A pedidos, a morte de Bolo Yeung

segunda-feira, 13 de abril de 2009

1968: TUNNEL RATS (2008)


Já virou clichê escrever que o alemão Uwe Boll é um dos mais medíocres cineastas atualmente em atividade (se é que dá pra considerar cinema as porcarias que ele "escreve" e "dirige"). Mas esta generalização às vezes se transforma numa injustiça; afinal, o pobre sujeito virou sinônimo de ruindade mesmo para quem nunca realmente viu um filme dele! E não dá para negar que alguns dos seus trabalhos são pelo menos divertidos (o primeiro "Bloodrayne", por exemplo, que ainda tem o mérito de mostrar a linda Kristanna Loken pelada, ou a comédia "Postal", que atrai justamente pelo seu extremo mau gosto).

E então chegamos a 1968: TUNNEL RATS, um dos novos filmes do hiperativo Boll, que só neste ano de 2009 deve lançar mais três obras ("Far Cry", "Stoic" e "Rampage") e já está filmando outras duas ("The Storm" e "Darfur"), isso tudo mesmo com a quantidade absurda de críticas que seu trabalho recebe, e apesar de seus filmes jamais terem dado qualquer retorno financeiro em bilheteria - queria saber como o sujeito ainda consegue encontrar financiadores para as suas maluquices...


TUNNEL RATS é diferente dos filmes que Boll vinha fazendo até então, já que parte de uma história original de Dan Clarke transformada em roteiro do próprio diretor, mas sem inspiração em nenhum videogame, como a maior parte de suas obras anteriores. Aqui ironicamente fizeram o caminho inverso: foi o filme que depois se transformou em jogo de videogame!

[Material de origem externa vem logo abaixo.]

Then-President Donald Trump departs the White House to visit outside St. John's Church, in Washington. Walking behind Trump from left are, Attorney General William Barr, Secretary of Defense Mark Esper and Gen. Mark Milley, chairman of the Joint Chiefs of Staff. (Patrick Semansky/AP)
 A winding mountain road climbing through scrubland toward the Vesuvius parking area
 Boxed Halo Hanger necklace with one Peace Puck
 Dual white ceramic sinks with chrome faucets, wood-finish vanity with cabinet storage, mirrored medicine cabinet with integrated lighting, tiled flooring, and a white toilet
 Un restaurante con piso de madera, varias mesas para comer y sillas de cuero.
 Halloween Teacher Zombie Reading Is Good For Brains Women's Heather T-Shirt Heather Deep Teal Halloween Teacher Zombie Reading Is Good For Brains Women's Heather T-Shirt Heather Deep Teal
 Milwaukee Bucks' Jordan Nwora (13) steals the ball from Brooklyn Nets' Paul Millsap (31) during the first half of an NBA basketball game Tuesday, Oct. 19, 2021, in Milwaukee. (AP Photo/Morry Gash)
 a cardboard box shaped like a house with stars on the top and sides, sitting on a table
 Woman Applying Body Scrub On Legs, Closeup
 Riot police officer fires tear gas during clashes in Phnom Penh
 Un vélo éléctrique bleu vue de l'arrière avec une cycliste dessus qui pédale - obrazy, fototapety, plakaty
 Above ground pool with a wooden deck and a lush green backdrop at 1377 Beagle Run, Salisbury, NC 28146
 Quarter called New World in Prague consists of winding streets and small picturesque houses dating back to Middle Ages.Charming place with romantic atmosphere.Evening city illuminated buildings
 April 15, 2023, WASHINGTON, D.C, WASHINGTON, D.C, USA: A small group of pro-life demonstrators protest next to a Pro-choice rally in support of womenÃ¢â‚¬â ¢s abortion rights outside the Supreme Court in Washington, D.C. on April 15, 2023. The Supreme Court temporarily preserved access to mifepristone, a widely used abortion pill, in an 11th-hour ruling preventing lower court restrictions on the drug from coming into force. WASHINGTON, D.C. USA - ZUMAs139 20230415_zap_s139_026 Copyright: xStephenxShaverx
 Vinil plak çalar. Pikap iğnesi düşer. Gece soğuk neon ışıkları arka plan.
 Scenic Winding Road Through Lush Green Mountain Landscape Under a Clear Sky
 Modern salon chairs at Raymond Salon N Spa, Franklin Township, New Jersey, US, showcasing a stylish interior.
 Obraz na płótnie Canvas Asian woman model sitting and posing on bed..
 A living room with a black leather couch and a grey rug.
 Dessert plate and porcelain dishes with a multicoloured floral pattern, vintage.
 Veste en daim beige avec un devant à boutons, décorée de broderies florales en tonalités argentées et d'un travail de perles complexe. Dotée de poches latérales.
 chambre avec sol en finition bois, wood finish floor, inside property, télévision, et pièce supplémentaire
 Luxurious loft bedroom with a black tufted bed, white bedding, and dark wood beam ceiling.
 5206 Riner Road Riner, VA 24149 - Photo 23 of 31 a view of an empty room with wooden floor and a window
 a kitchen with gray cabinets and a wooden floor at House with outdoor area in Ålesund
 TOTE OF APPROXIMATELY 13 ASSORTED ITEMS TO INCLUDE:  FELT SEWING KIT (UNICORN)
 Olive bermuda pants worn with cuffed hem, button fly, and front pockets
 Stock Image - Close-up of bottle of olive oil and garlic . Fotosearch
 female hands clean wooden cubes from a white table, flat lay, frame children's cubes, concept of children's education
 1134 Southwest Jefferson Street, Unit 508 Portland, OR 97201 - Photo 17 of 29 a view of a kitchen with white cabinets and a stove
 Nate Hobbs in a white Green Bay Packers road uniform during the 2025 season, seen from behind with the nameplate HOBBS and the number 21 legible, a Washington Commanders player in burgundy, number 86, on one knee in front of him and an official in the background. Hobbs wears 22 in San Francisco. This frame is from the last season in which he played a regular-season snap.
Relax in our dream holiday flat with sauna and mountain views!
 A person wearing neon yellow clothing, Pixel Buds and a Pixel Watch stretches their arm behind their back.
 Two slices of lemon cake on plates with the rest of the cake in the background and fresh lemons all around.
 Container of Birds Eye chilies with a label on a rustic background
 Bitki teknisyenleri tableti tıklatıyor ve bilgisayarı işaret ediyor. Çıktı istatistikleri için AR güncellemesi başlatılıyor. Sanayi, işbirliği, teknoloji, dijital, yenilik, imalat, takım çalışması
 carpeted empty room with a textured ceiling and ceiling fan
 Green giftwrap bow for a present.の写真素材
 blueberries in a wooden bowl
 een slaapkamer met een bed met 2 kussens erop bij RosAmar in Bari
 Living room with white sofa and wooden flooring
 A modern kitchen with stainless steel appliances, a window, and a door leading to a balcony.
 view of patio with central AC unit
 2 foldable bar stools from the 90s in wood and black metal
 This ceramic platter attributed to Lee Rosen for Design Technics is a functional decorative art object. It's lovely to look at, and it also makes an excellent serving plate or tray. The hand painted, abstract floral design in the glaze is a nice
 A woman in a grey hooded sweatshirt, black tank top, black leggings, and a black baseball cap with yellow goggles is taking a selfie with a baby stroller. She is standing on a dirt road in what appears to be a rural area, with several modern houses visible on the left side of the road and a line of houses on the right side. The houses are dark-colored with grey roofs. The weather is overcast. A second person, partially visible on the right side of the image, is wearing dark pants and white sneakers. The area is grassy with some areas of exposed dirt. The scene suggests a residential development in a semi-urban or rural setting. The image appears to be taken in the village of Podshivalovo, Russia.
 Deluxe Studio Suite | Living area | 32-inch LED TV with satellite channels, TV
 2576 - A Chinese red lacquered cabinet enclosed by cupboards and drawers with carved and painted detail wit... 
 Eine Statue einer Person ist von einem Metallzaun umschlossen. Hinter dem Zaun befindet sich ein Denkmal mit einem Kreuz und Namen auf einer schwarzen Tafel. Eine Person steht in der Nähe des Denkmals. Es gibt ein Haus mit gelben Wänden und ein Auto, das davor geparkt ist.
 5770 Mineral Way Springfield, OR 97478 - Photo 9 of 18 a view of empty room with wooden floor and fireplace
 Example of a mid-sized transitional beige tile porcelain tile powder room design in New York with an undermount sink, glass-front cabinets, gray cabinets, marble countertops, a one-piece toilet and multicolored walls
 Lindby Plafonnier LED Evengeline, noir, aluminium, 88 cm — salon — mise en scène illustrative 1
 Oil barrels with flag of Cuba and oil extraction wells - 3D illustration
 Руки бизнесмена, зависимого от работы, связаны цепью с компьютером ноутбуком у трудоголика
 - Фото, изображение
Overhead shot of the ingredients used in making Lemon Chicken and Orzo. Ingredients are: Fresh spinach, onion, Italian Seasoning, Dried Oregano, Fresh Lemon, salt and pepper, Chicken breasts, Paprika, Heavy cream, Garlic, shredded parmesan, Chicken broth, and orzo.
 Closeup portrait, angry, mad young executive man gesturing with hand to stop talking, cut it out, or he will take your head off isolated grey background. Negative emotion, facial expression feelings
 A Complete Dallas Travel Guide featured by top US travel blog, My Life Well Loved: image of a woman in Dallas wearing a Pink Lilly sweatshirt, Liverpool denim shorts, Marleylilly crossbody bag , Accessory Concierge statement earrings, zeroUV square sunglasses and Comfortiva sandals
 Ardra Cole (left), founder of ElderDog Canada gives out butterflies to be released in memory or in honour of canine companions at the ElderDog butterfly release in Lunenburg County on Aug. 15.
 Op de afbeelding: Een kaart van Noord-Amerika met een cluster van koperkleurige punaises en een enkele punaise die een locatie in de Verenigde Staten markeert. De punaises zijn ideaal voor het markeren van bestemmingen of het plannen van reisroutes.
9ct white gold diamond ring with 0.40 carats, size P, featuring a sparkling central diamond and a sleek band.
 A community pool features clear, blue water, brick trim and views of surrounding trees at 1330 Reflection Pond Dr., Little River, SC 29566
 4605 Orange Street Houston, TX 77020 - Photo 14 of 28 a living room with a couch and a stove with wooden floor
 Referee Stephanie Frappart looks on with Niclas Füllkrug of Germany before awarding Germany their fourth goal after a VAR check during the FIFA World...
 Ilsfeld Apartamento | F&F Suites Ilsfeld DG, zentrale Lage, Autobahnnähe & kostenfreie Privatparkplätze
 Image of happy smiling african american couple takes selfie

Também é um dos primeiros trabalhos do diretor sem grandes astros ou nomes conhecidos no elenco, depois que nosso amigo desperdiçou gente como Ben Kingsley, Jason Statham e Burt Reynolds em suas produções anteriores. Aqui, para dar uma idéia, o nome mais conhecido é o ex-astro dos anos 80 Michael Paré, o que obviamente não quer dizer grande coisa. O orçamento foi de míseros 8 milhões de dólares e, reza a lenda, a estréia foi num único cinema de Los Angeles (!!!).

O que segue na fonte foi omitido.